Fig. 5. Phenotypic and genomic characterisation of phage-treated Paer09 isolates.

a Efficiency of plating (EOP) of five bacteriophages (phages) (FJK, FJK.R9-15, FJK.R9-30, MK, and MK.R3-15) for 48 Paer09 strains treated with individual phages (FJK, FJK.R9-15, FJK.R9-30). The EOP is defined as the concentration ratio of a phage on the phage-treated isolate (numerator) and the naive Paer09 strain (denominator; Control). An EOP above 10 was considered as increased efficiency (green), while an EOP of 0.1 to 10 was ranked as unchanged efficiency (grey). A reduced efficiency was defined as an EOP between 0.001 and 0.1 (light blue). When no individual plaques were visible or the EOP was equal to or under 0.001 the isolate was determined resistant to the phage (blue). Mutation-associated protein of each strain with amino acid change in parentheses. A lack of labelling refers to isolates in which no apparent mutation could be identified. b Illustration of the cumulative number of isolates by mutant protein. c Illustration of the number of isolates by mutant protein according to the treatment group (phage FJK; phage FJK.R9-15; phage FJK.R9-30). Optical density (OD600) measurements of a three-day co-incubation of planktonic naive Paer09 strain with phage FJK (d), phage FJK.R9-15 (e) and phage FJK.R9-30 (f) at an MOI of 0.001. The thin black lines represent each individual replicate (n = 8), and the thick coloured line represents the average. For phages FJK.R9-15/30 the completely suppressed replicate was excluded from the average calculation. g Illustration of the averaged co-incubation curves for phages FJK (grey line; panel d), FJK.R9-15 (violet line; e) and FJK.R9-30 (yellow line; f) over three days in comparison to a growth control (dotted black line) and negative control (black line). Source data are provided as a source data file.

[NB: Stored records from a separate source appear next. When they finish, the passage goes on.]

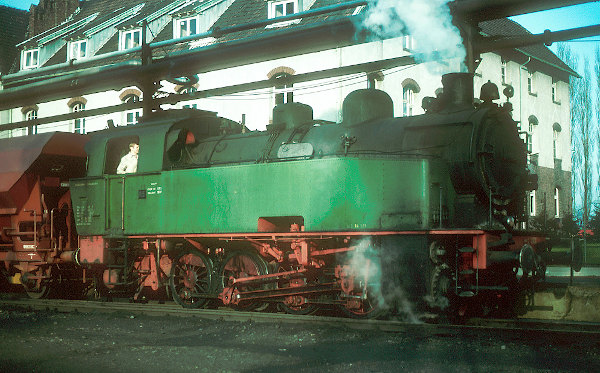 Lokomotive ANNA 5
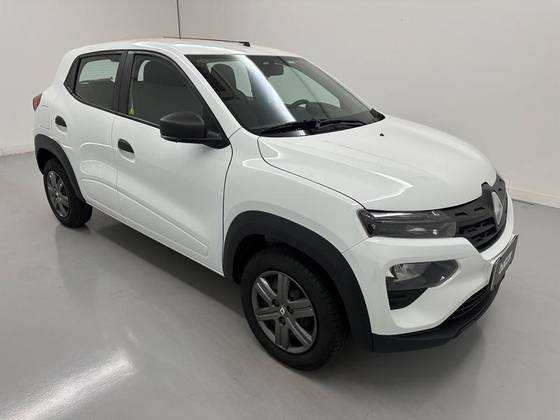 RENAULT KWID 1.0 12V SCE FLEX ZEN MANUAL RENAULT KWID 1.0 12V SCE FLEX ZEN MANUAL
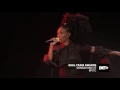 Brandy Performs "What About Us" At Soul Train Awards 2016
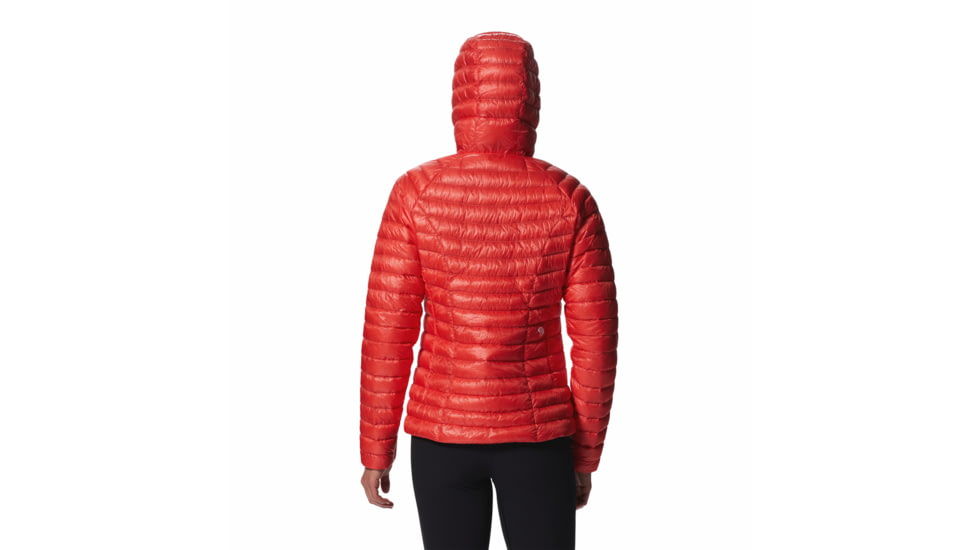 Mountain Hardwear Ghost Whisperer/2 Hoody - Womens, Solar Pink, Medium, 1871631650-Solar Pink-M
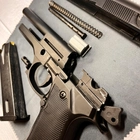 Стартовый пистолет Beretta Mod 92, Retay Arms, Беретта 92 под холостой патрон 9мм , Сигнальный, Шумовой - изображение 10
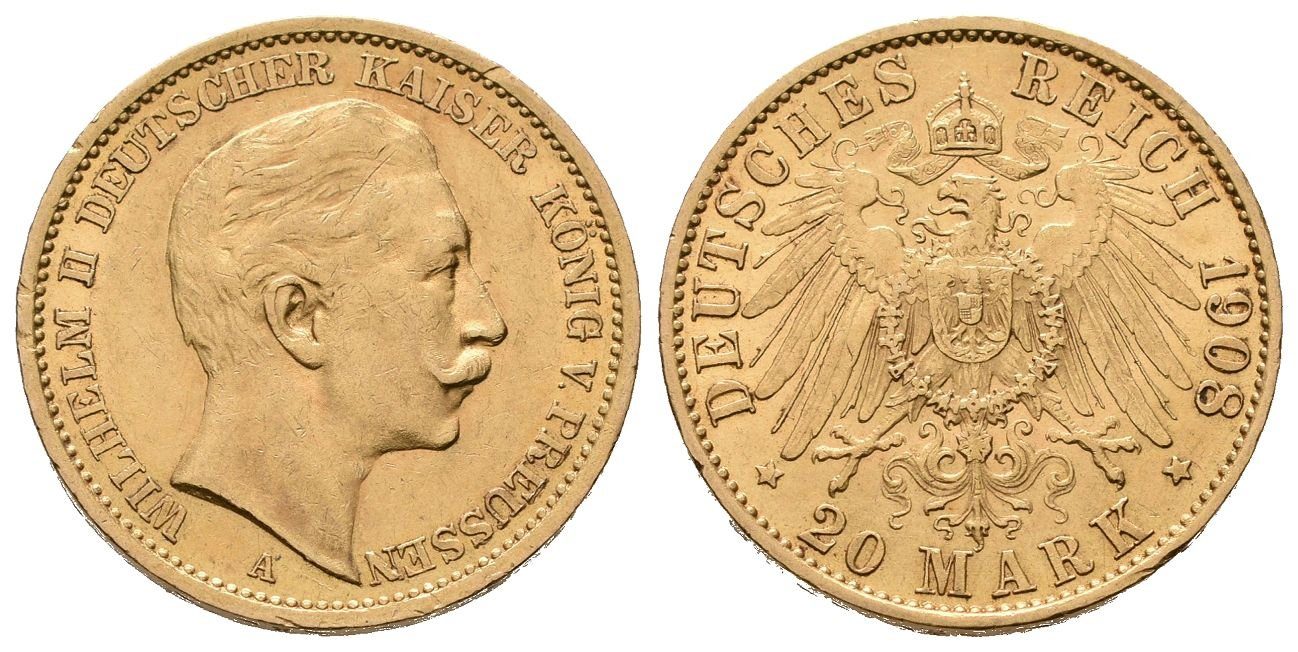 Prusko, 20 Marek 1908 A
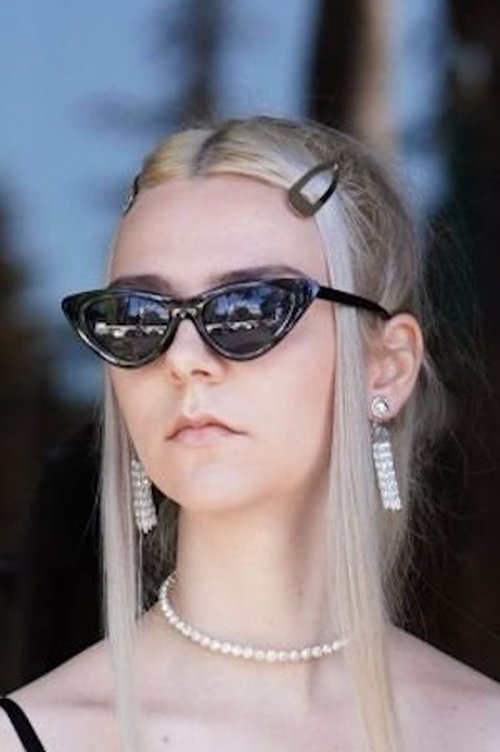 Elizabeth Rath as Peg / Moth Creature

Fig. 6. Antibiofilm and antimicrobial activity of the phage cocktail.

a Efficiency of plating (EOP) of five phages (FJK, FJK.R9-15, FJK.R9-30, MK, and MK.R3-15) on 18 Paer09 strains treated with the phage cocktail (FJK.R9-30 + MK.R3-15). EOP is defined within the methods. Mutation-associated protein of each strain with amino acid change in parentheses (¹c.203_204dupTC p.R69fs and ²c.205delA p.R69fs). Lack of labelling refers to isolates with no apparent mutation. b Illustration of the number of isolates by mutant protein and treatment group (FJK; FJK.R9-15; FJK.R9-30; Cocktail). c qPCR-determined bacterial load (CFU/bead) of 24 h pre-established Paer09 biofilm untreated (GC) and after co-incubation (3, 6 and 24 h) with FJK.R9-30 or the cocktail. The p-value is 0.0077 (6 h, Cocktail vs. FJK.R9-30). d, e Heat flow (µW) and heat (J) curves measured for 48, 72 and 96 h of Paer09 biofilm co-incubated with MK.R3-15, FJK.R9-30, cocktail (individual replicates) or untreated (GC, dashed black line). Minimum heat flow values in the right upper corner (d). The p-values are 0.0404 (FJK.R9-30 vs. Cocktail) and 0.0024 (MK.R3-15 vs. Cocktail). f Calculated lag time (h) from the heat curves for each tested condition. The p-values are 0.0051 (FJK.R9-30 vs. Cocktail) and 0.0002 (MK.R3-15 vs. Cocktail). OD₆₀₀ measurement of a seven-day (g) and three-day (h) co-incubation of planktonic naive Paer09 strain with the cocktail (MOI: 0.001, g; MOI: 0.0001, h). Thin lines represent the individual replicates (n = 8), and the thick coloured line the average, excluding completely suppressed replicates (n = 4, g; n = 2, h). i Illustration of averaged co-incubation curves (including grey, violet, and yellow curves from Fig. 5d) over three days compared to a growth control (dotted black line) and negative control (black line). The cocktail (MOI: 0.0001) is shown as a dotted green curve. All experiments were performed in fourfold and unless specified otherwise, the calorimetric curves (d, e) display the mean. The error bars represent the standard error of the mean. Statistical analysis was conducted by unpaired two-tailed Student’s t test and p-values indicated with asterisks (*p = <0.05; **p = <0.01; ***p = <0.001). Source data are provided as a source data file.